■ **Records provided**:

- Opening Delimiter -

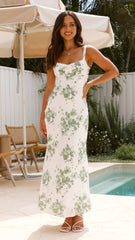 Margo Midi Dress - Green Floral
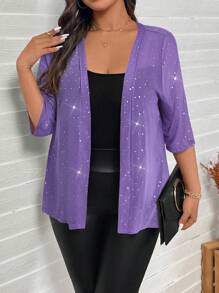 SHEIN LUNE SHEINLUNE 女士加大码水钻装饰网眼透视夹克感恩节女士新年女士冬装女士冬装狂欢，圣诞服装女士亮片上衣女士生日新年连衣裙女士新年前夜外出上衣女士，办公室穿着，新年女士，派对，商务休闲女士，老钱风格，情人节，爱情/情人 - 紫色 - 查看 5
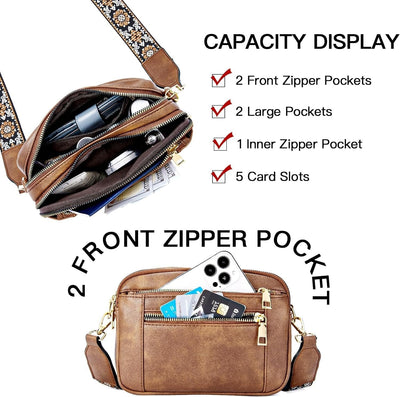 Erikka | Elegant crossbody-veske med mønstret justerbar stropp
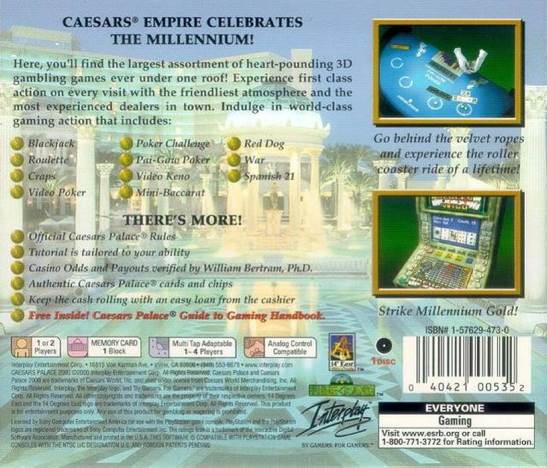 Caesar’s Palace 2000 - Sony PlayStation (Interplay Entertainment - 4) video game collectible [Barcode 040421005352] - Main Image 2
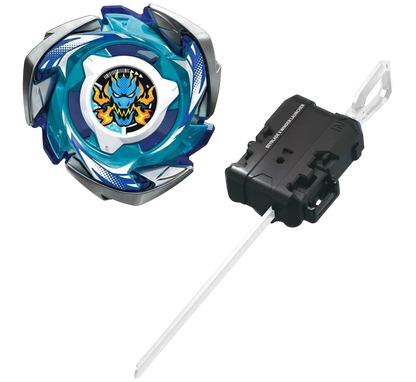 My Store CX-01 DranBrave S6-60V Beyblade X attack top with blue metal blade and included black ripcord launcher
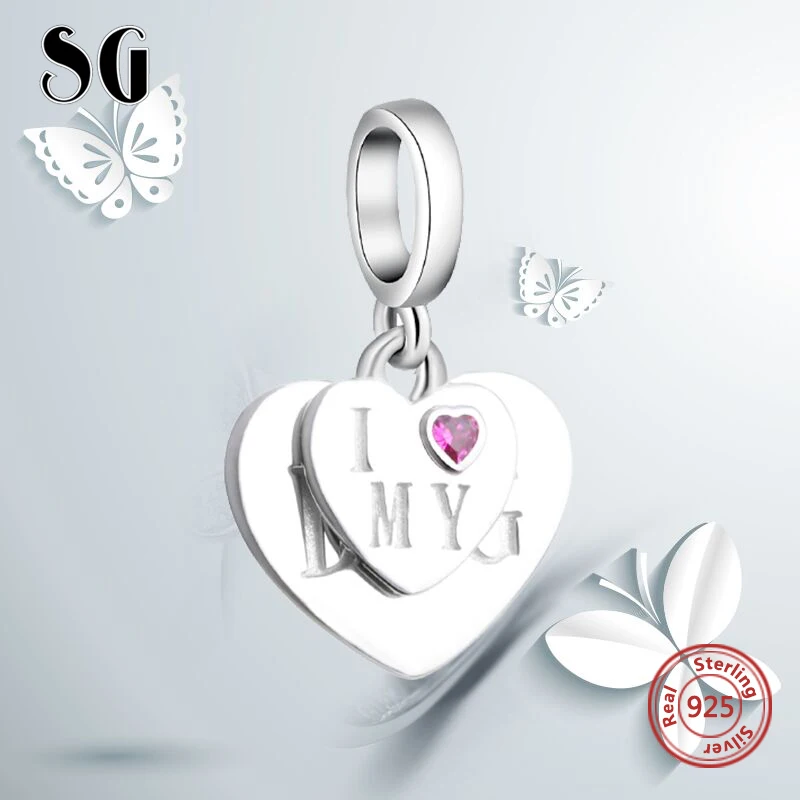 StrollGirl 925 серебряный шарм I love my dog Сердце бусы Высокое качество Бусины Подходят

- Closing Delimiter -
- Opening Delimiter -

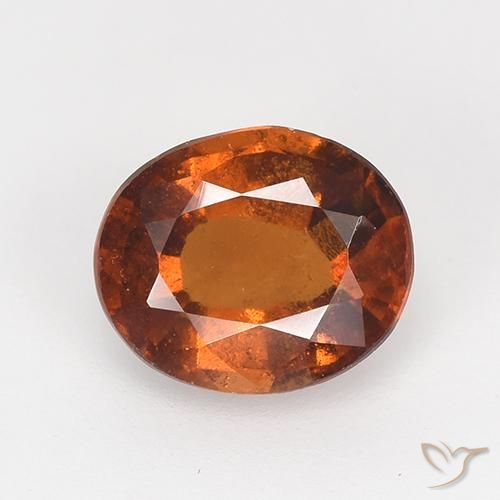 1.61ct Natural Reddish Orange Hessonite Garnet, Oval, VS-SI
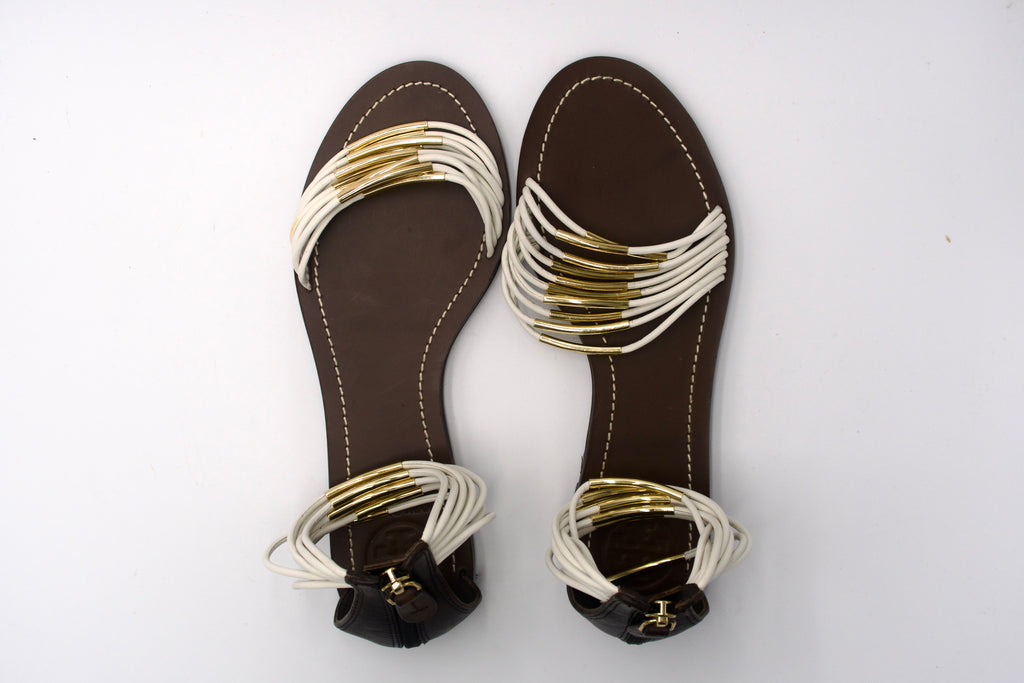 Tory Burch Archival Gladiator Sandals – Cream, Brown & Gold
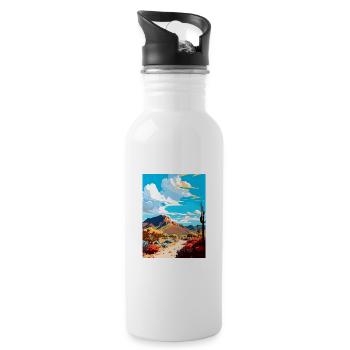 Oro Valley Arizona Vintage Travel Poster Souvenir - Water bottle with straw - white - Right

- Closing Delimiter -
- Opening Delimiter -

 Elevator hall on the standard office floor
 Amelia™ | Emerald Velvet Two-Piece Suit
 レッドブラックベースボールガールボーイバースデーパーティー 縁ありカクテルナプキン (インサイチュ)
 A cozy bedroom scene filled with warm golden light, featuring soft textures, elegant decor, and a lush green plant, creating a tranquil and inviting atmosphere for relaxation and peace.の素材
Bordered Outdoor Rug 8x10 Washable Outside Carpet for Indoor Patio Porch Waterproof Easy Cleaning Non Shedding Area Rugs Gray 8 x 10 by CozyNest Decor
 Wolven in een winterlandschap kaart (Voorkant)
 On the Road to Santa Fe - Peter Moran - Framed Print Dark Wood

- Closing Delimiter -

Look above for the line containing "SHEIN LUNE SHEINLUNE" and the line containing "StrollGirl 925 серебряный", then reproduce both and everything between them exactly, pictures omitted.

■ **Written response**:
 SHEIN LUNE SHEINLUNE 女士加大码水钻装饰网眼透视夹克感恩节女士新年女士冬装女士冬装狂欢，圣诞服装女士亮片上衣女士生日新年连衣裙女士新年前夜外出上衣女士，办公室穿着，新年女士，派对，商务休闲女士，老钱风格，情人节，爱情/情人 - 紫色 - 查看 5
 Erikka | Elegant crossbody-veske med mønstret justerbar stropp
 Caesar’s Palace 2000 - Sony PlayStation (Interplay Entertainment - 4) video game collectible [Barcode 040421005352] - Main Image 2
 My Store CX-01 DranBrave S6-60V Beyblade X attack top with blue metal blade and included black ripcord launcher
 StrollGirl 925 серебряный шарм I love my dog Сердце бусы Высокое качество Бусины Подходят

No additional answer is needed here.